** Opening DATA FOR PROCESSING block **

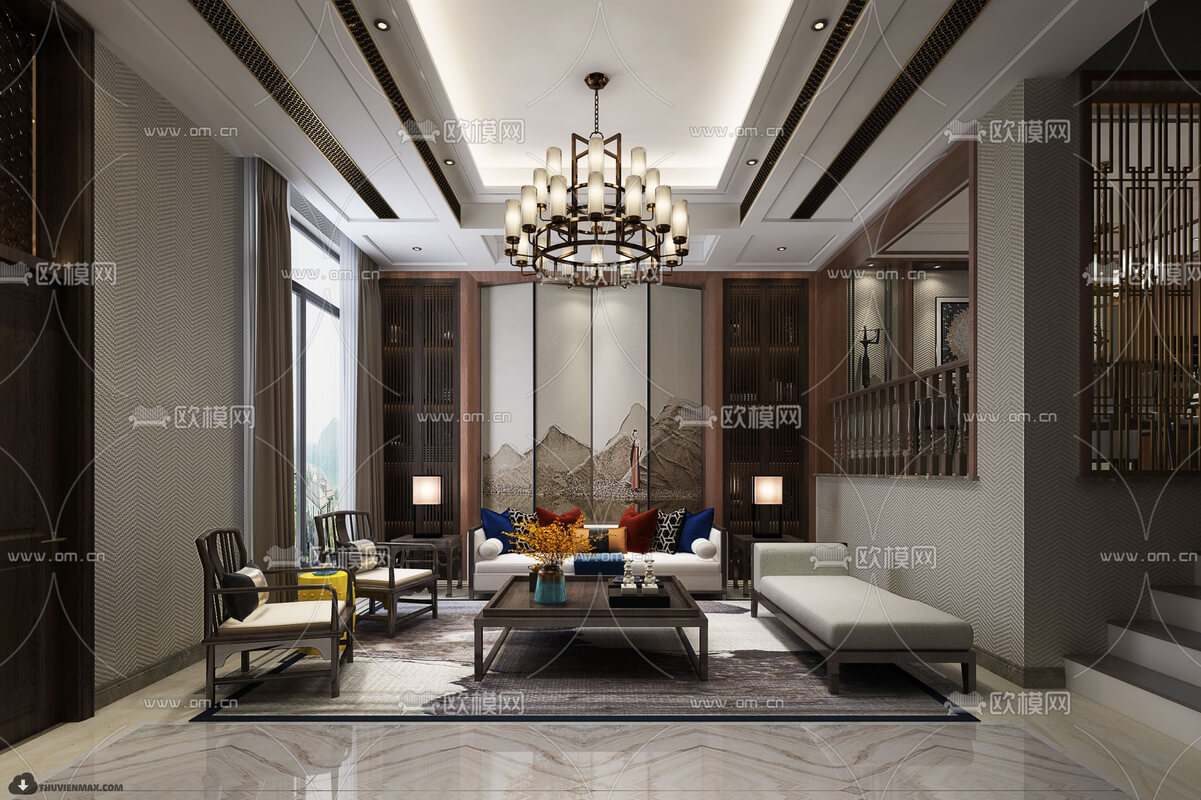 Oumoo Living Dining Room 223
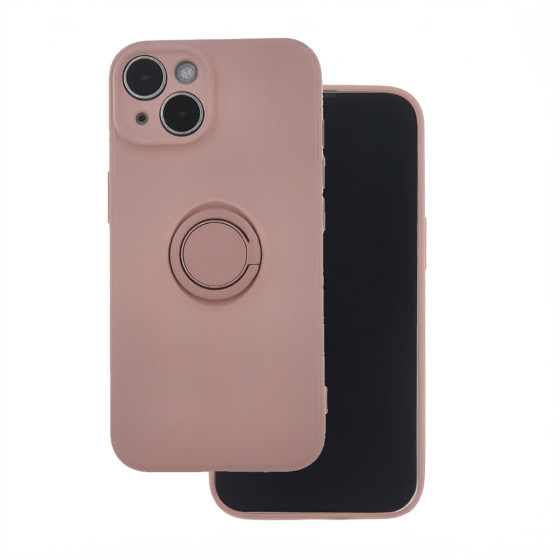 TFO Finger Grip case for iPhone 12 6,1'' pink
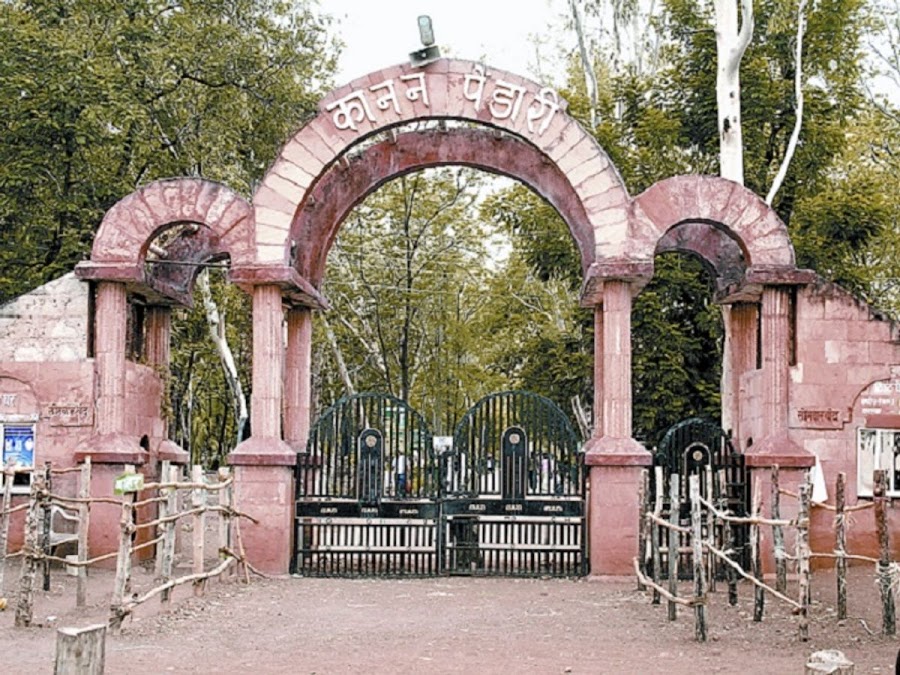 Kanan Pendari Zoo - Photo 2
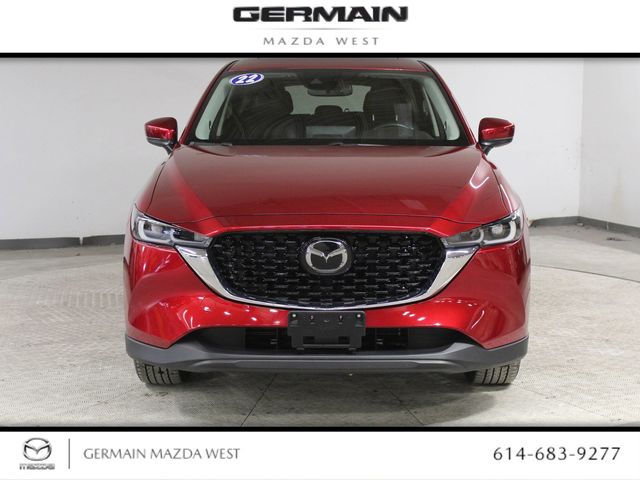 2022 Mazda CX-5 2.5 S Premium Package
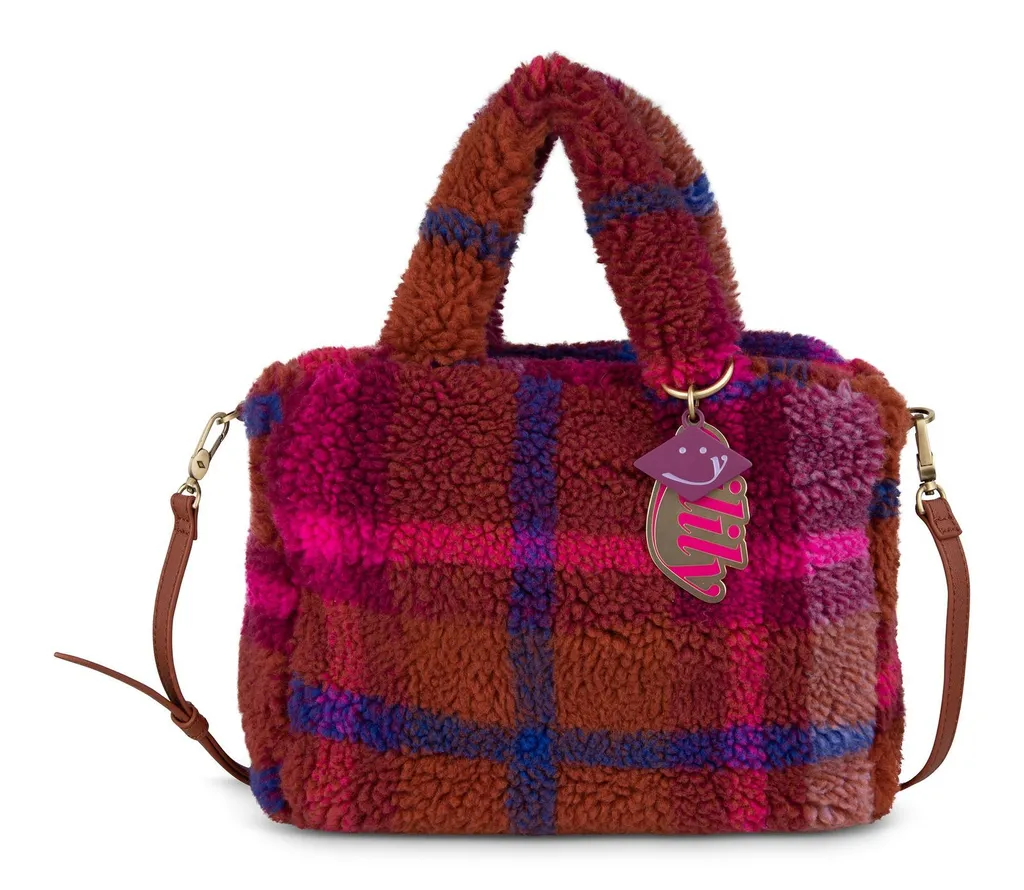 Petit sac à main et sac à épaule bandoulière Oilily au design ethnique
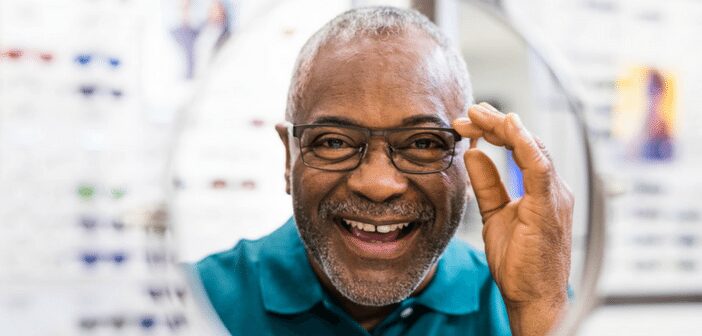 How to Care for Your Eyes as You Age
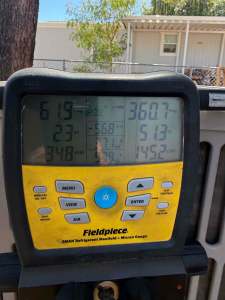Refrigerant Recharge in Phoenix — March 2026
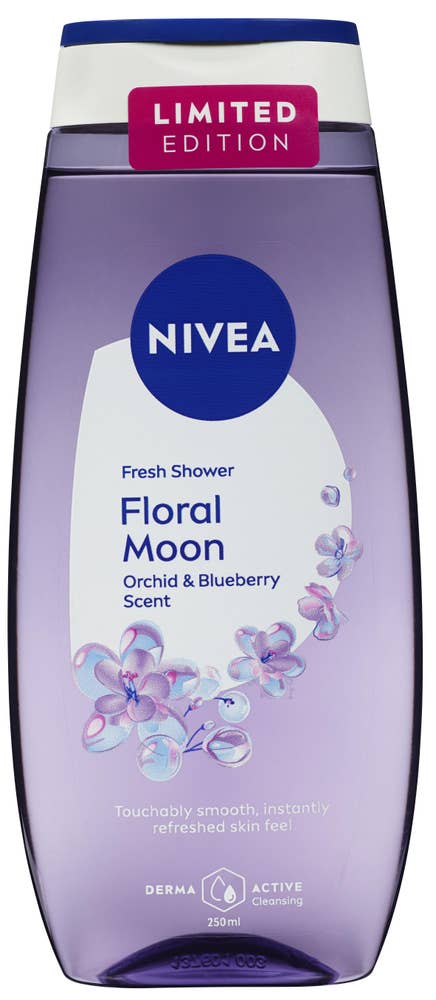 Nivea Dusjsåpe Floral Moon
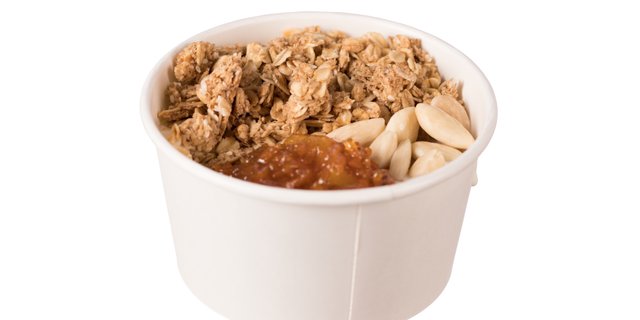 Build-Your-Own Granola Cup Bar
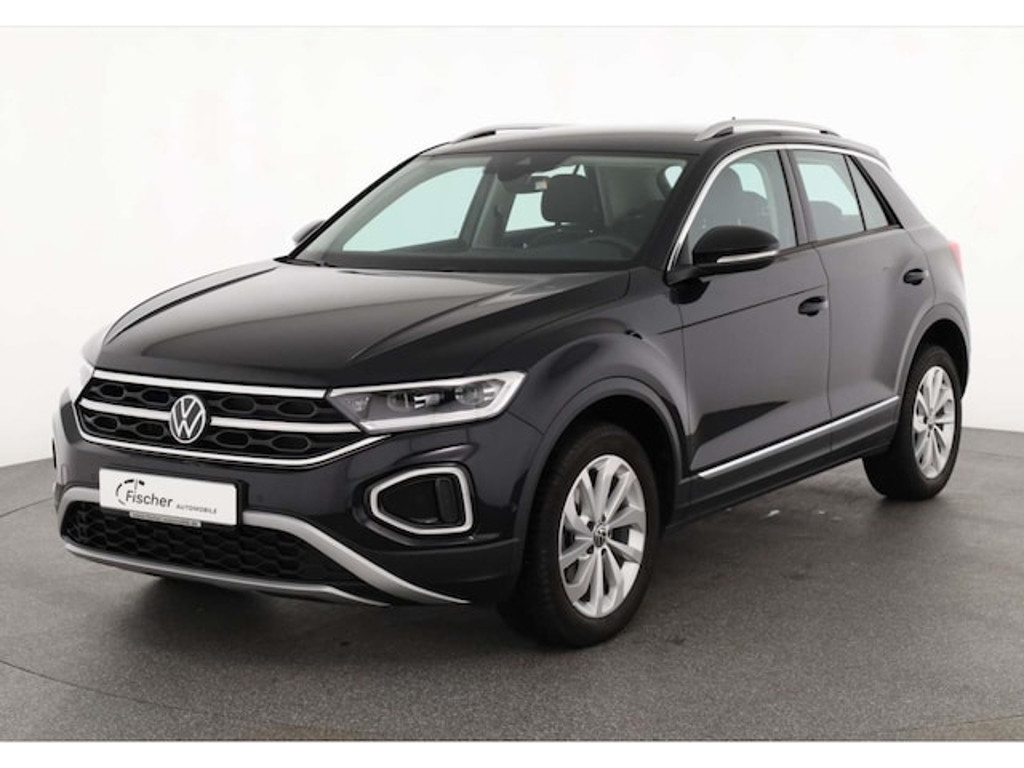 Volkswagen T-Roc 2022 Benzine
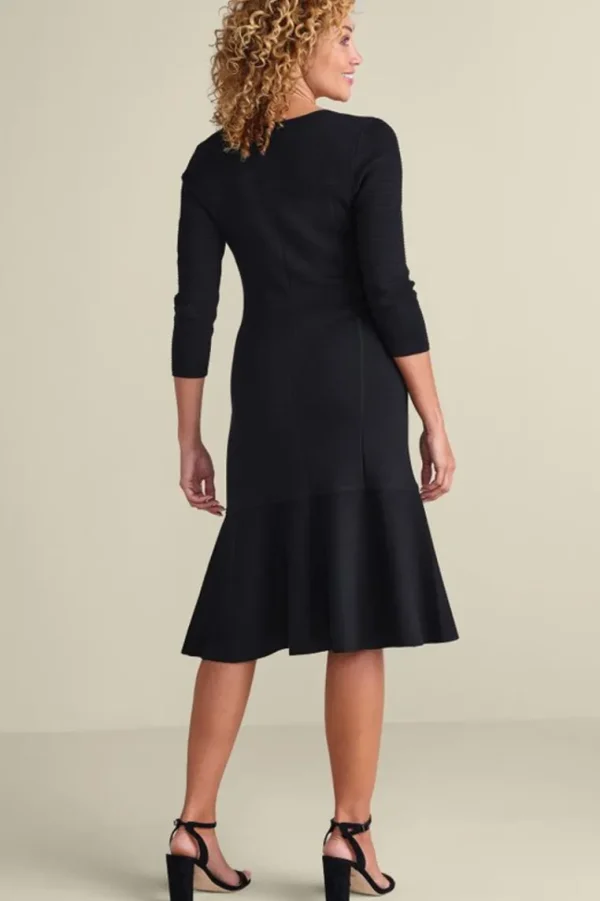 Soft Surroundings Raffinato Dress- Dresses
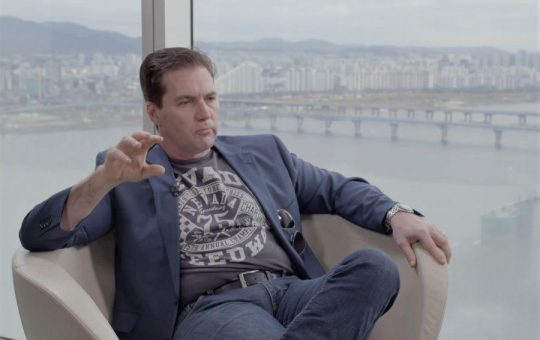 Craig Wright Hints at Possible Legal Battle Against Apple Over Bitcoin White Paper – What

** Closing DATA FOR PROCESSING block **

#### [REQUIRED ACTION]
Your answer must be an exact copy of the entries above, with no pictures in it.

#### [WRITTEN RESPONSE]
 Oumoo Living Dining Room 223
 TFO Finger Grip case for iPhone 12 6,1'' pink
 Kanan Pendari Zoo - Photo 2
 2022 Mazda CX-5 2.5 S Premium Package
 Petit sac à main et sac à épaule bandoulière Oilily au design ethnique
 How to Care for Your Eyes as You Age
Refrigerant Recharge in Phoenix — March 2026
 Nivea Dusjsåpe Floral Moon
 Build-Your-Own Granola Cup Bar
 Volkswagen T-Roc 2022 Benzine
 Soft Surroundings Raffinato Dress- Dresses
 Craig Wright Hints at Possible Legal Battle Against Apple Over Bitcoin White Paper – What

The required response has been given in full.